3. David Bowie / "Love is Lost (Hello Steve Reich Mix by James Murphy for the DFA)" I was thrilled when Bowie decided to shock the world with the release of his first new material in nearly a decade. He's still releasing solid work, but it's the extended, 10-minute hand-clap remix of "Love is Lost" with Steve Reich (and cues from Bowie's past, "Ashes to Ashes") that I really fell for.
4. Drake / "Hold On, We're Going Home" Pitchfork made Drake's radio-friendly jam their number one this year, and I have no complaints. It's a song for nearly every occasion, a smooth as glass feel-good number that works as well for a night out with friends as it could, likely, at a wedding.
5. Jon Hopkins / "Open Eye Signal" In case you weren't sure about the number of sustained, mellow electronic rhythms there would be on this list, let me reassure you: several. A good number. This is the first of many. Listen to it. It's like driving through a snow storm. Crystalline, distorted chorus in the distance, constant, slushy beats building and falling in the foreground.
6. Young Galaxy / "Pretty Boy" While the music video plays as nearly the exact opposite, "Pretty Boy" is a sublimely effervescent bit of pop. It's a sort of 21st century "Age of Consent" that ebbs in peaks of pure joy and slips, just as often, into something bittersweet.
7. Disclosure / "Latch" Disclosure is made up of two British brothers barely out of their teen years, but I'll be damned if they don't make some of the slickest, most mature EDM around. Settle is a fantastic dance album, and "Latch" (featuring vocals from the equally young Sam Smith) is a cure-all for anyone who thinks UK pop has gone a bit too much in One Direction.
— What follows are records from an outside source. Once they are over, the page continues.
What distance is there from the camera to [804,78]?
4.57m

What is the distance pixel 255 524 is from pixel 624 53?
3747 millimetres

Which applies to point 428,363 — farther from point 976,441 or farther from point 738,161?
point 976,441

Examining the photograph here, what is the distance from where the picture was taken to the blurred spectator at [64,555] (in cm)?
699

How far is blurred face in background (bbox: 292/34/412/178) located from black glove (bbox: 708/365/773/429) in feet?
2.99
9. Pusha T / "Numbers on the Boards" G.O.O.D. Music produced, beats that are colder than cold. This is sustained, bleary menace, a track that tells you it's better than you without, possibly, even having to move.
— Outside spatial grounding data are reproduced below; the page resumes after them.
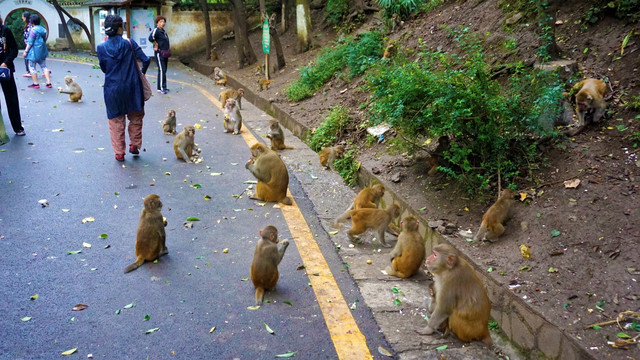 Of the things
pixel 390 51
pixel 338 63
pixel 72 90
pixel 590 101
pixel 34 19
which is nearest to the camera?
pixel 590 101

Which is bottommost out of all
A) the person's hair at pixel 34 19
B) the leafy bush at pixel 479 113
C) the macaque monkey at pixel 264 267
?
the macaque monkey at pixel 264 267

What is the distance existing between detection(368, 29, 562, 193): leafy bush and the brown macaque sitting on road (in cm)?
30

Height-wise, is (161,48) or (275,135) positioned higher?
(161,48)

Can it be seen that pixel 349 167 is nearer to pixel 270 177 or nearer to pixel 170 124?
pixel 270 177

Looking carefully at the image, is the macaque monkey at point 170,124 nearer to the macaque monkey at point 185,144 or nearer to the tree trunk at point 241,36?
the macaque monkey at point 185,144

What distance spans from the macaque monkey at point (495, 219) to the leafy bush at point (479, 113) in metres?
0.44

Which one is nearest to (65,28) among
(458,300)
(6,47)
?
(6,47)

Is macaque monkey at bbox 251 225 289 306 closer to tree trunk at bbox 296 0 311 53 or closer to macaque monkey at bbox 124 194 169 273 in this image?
macaque monkey at bbox 124 194 169 273

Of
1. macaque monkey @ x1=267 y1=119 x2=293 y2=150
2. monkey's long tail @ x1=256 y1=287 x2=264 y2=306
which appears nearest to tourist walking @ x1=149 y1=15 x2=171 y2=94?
macaque monkey @ x1=267 y1=119 x2=293 y2=150

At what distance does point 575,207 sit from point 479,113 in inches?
54.0

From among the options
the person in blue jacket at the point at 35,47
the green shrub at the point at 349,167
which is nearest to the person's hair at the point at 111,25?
the green shrub at the point at 349,167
10. Arcade Fire / "Reflektor" Back in the day, I'd liked Arcade Fire's Funeral quite a bit. But I grew weary of it, and the sound that followed through the next couple hours did little to truly grab my attention. Anyone who follows me on Twitter, though, knows that when "Reflektor" dropped I got a little carried away. I fell hard for this song. It's a theatrical, glittery thing that shirks off some of the band's past seriousness and surrenders to LCD Soundsystem's James Murphy, who produced it with just enough danceyness to drag me under.
11. Austra / "What We Done?" Vice, which, let's face it, can be pretty tough to muster any respect for, recently listed Austra's latest album as among the worst of the year, on grounds that the idea of liking the band is more appealing than the music. Whatever, Vice. Fuck you. "What We Done?" is a bizarrely compelling, deconstructed club track. It's the inside out of a house banger, trapped in the slow motion come-down of a night out.
12. Savages / "She Will" If Haim could blend into one station on the classic rock dial, Savages is their college radio counterpart. They sound like an established band, like old pros releasing something just ahead of the Manchester curve.
13. Autre Ne Veut / "Play By Play" Autre Ne Veut's Arthur Ashin warbles and meanders through cloudy, cluttered beats and euphoric sandtraps until something kind of magical happens: the discordant sounds seem to smooth themselves out, to merge in unexpected ways that form a glittering, synth-laden r&b track.
14. Beyonce ft. Jay-Z / "Drunk in Love" I love Beyonce, but I can't lie: I've never really liked a whole Beyonce album...until now. In the past, Beyonce has sought a balance of upbeat tracks with these slower, respectable, flat-out boring love songs. Her new album, though, marks a change. She's moved away from standard diva material and seems to have truly found her own voice: a little hubristic but nice, a little dirty but with class, and willing to move the love songs into chilly, cool-as-hell jams.
15. Courtney Barnett / "Avant Gardener" Oh dear god I love this song. It's like this anxiety-laden ode to slackerdom weighed down with this lung-fluid of needless complaints and half-comic observations. It's what you're thinking, but don't say out loud. Barnett says it. It's great.
16. Justin Timberlake ft. Jay-Z / "Suit & Tie" We're all probably suffering from a little bit of Timberlake overexposure this year, and, you know what? I hate "Mirrors" kind of a lot. But, "Suit & Tie" is the classiest pop song this year. This is that Sinatra shit, friends. This is that anti-gravity bounce, friends.
17. Capital Cities ft. Andre 3000 / "Farrah Fawcett Hair" A song I somehow doubt will be found on most other year end wrap-ups, but with I adore with a compulsive, violent fervor. There's nothing to it but exactly what it is: a list of good things, a voyage through happy-making, pleasant objects...and with a delightful, random appearance from Andre 3000, who, it should be noted, makes a lot of people happy.
18. Duke Dumont ft. A*M*E / "Need U (100%)" House music. Pure and simple. Good house music. 90s style house music. House music I listened to one day on repeat for way too long. It just kept going. Endlessly cycling in a way that was, I must say, deeply satisfying.
20. M.I.A. / "Bring the Noize" Much of M.I.A.'s Matangi is, true to form, a sort of fun trick noisemaker. "Bring the Noize" is a track that's almost wall-to-wall attitude, and you can bet that when M.I.A. shows up to claim her place, she does so with a sound that's like she's dragging around a gigantic, tribal trance marching band.